The federal procedural laws have been amended to allow class actions before the federal courts. The Federal Agency for Protection of Consumers (Procuraduría Federal de Protección al Consumidor) (PROFECO), the Attorney General’s Office, non-profit associations and a common representative of a group of at least 30 members can now pursue class actions. These amendments are subject to testing in the courts and apparently there are no precedents of class actions for product liability.
In addition, there is an action available called accion popular, whereby any individual with or without proper legal standing can file a complaint before COFEPRIS, arguing and proving that there are certain health risks in a product in the market. However, the claimant’s procedural rights are very limited, and these actions are intended to cease a health risk and not to obtain compensation.
25. What remedies are available to the claimant? Are punitive damages allowed for product liability claims?
Preliminary injunctions can be ordered to stop the commercialisation and distribution of a product.

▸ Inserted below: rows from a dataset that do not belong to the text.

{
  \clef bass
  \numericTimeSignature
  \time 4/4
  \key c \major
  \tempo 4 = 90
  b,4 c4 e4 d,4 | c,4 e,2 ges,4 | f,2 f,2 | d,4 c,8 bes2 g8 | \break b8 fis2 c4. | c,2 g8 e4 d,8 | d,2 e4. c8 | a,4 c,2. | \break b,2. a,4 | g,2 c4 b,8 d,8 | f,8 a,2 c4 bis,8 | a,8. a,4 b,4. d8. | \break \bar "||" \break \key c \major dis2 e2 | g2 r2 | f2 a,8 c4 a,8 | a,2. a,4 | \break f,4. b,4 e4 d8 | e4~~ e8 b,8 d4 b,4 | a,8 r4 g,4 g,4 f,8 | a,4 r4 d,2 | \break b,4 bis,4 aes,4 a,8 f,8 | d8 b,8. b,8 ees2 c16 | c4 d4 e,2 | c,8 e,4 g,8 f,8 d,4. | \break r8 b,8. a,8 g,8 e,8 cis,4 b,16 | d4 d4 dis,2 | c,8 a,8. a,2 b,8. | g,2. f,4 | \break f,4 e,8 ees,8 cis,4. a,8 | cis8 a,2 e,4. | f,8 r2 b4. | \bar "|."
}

Monetary compensation is the most common remedy but equitable remedies are also available.
Punitive damages are not subject to regulation and there are no public precedents to make estimations in this regard.

Reform

26. Are there proposals for reform and when are they likely to come into force?

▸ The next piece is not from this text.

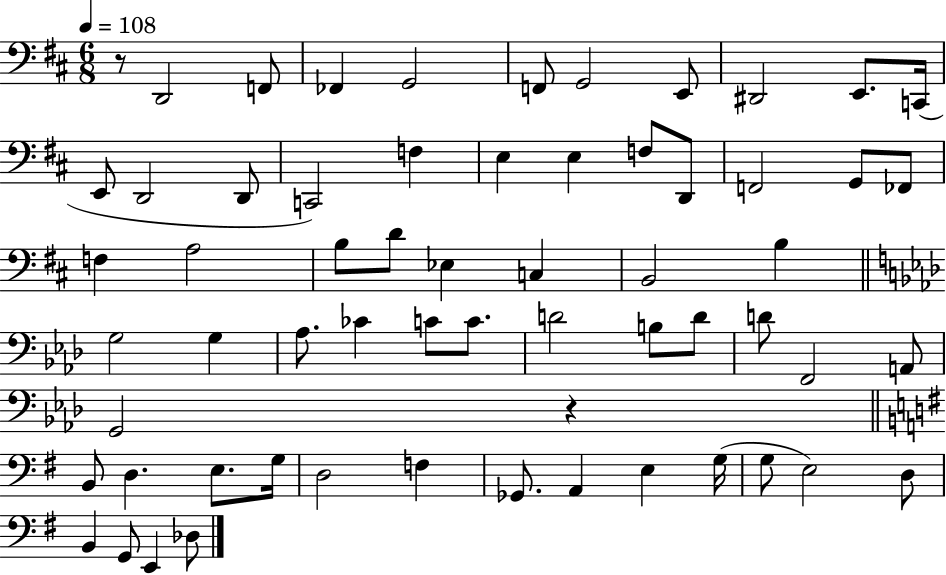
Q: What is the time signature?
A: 6/8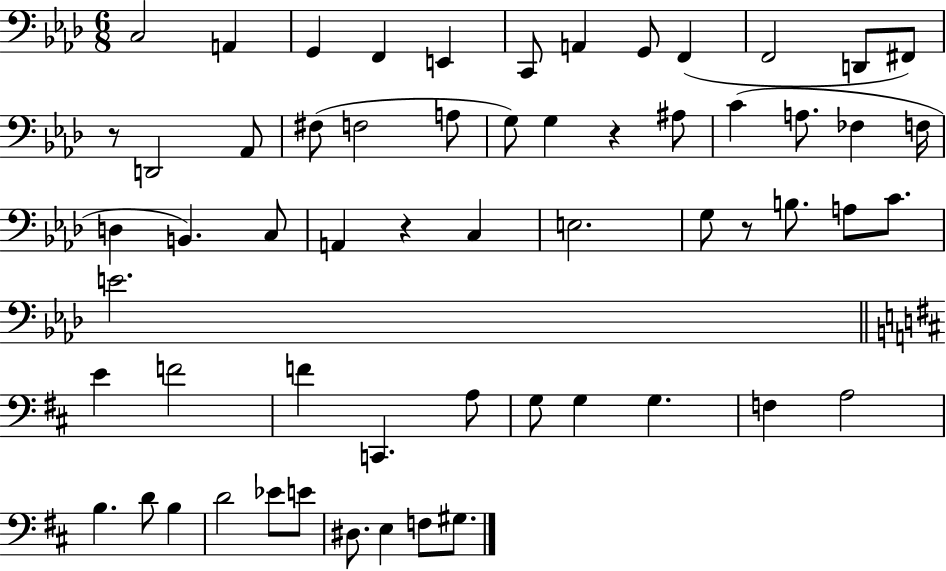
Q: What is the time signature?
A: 6/8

On 30 November 2018, Mexico, Canada and the US signed the United States-Mexico-Canada Agreement (USMCA) which includes favourable amendments related to pharmaceuticals and regulatory matters and is expected to come into force by January 2020, provided it is ratified by all its signatories. Mexico was the first country to ratify the agreement on 19 June 2019.
On 8 March 2018, 11 countries signed the free trade agreement formerly known as the Trans-Pacific Partnership (TPP), which has been renamed the Comprehensive and Progressive Agreement for Trans-Pacific Partnership (CPTPP). The signing members are Australia, Brunei, Canada, Chile, Japan, Malaysia, Mexico, New Zealand, Peru, Singapore and Vietnam. The CPTPP includes several provisions that will certainly have a positive impact in terms of enforcement.
Due to the above, amendments to the Mexican intellectual property and health laws are expected in the near future.